US chip curbs now reach Chinese-owned firms overseas
US-China AI Geopolitics and Sovereign AIIn May 2026, the US government moved to halt NVIDIA AI chip exports to overseas subsidiaries of Chinese firms based in third countries like Malaysia — not just mainland China (Financial Times). Regulators are shifting from 'border-based' to 'entity-based' controls as Southeast Asian bypass routes surfaced. Japanese companies with supply chains or AI contract services in ASEAN may face additional export-compliance requirements.
Until now, US AI chip export controls primarily targeted entities on mainland China — the H100 ban, then H800, then H20. That framework left Southeast Asian subsidiaries of Chinese-linked firms in a gray zone, and procurement routes through Malaysia and Thailand became de facto workarounds. In May 2026, the Financial Times reported the US moving to close those routes, shifting focus from where goods land to who ultimately controls the receiving entity.

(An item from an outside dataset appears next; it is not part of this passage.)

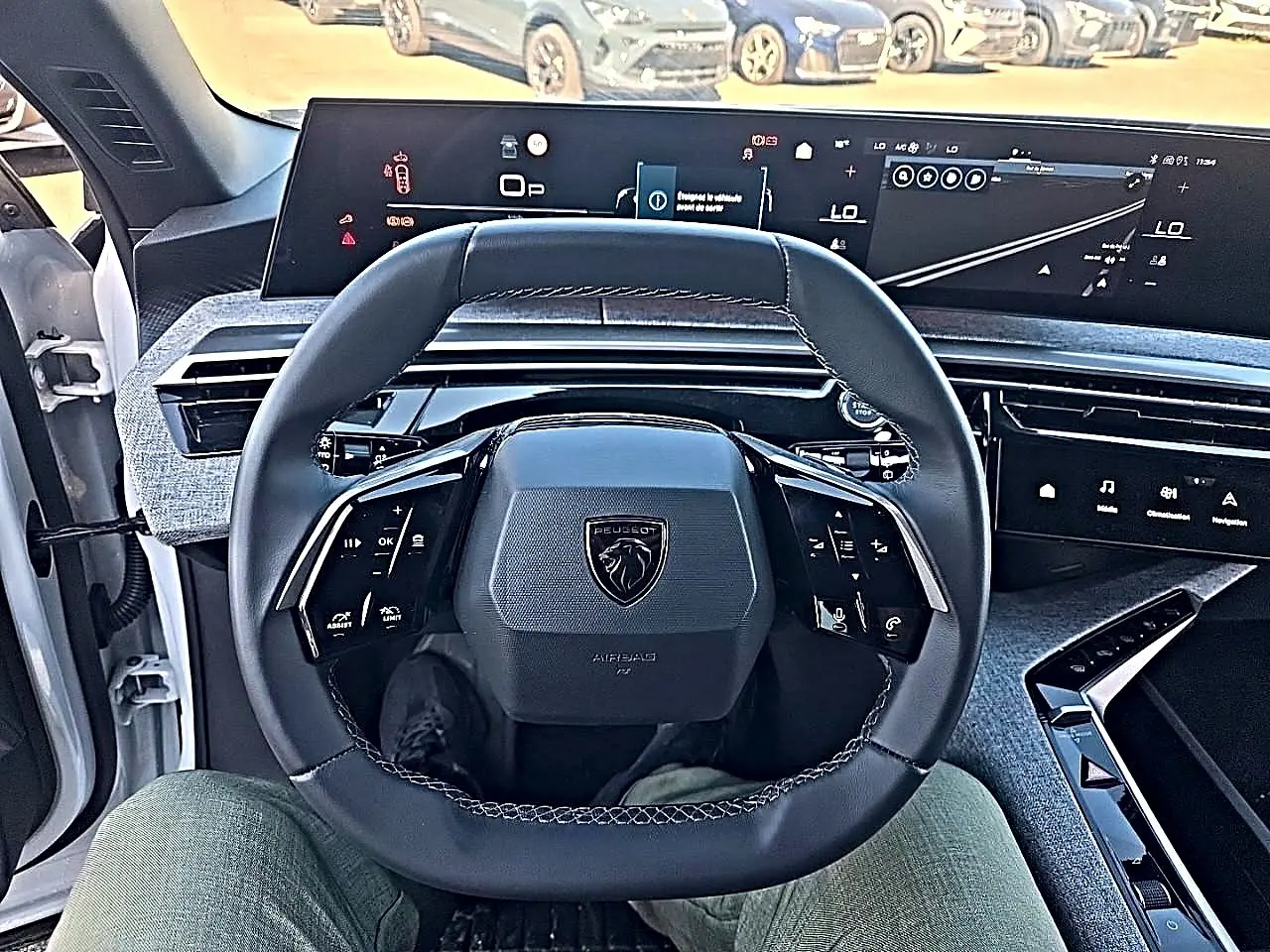 Vue intérieure centrée sur le volant cuir noir et les écrans digitaux du tableau de bord du Peugeot 5008 Hybrid 145 blanc.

Japanese companies running data centers or AI contract services in ASEAN with Chinese-linked supply chains will likely need to reassess compliance. The logic of 'this isn't going to China' is becoming harder to sustain. For teams already running on purely US/EU-origin infrastructure, this changes nothing today. In the longer run, 'who ultimately controls this entity' will become a standard question in AI procurement — similar to how GDPR turned 'where is your data stored' into a default checklist item.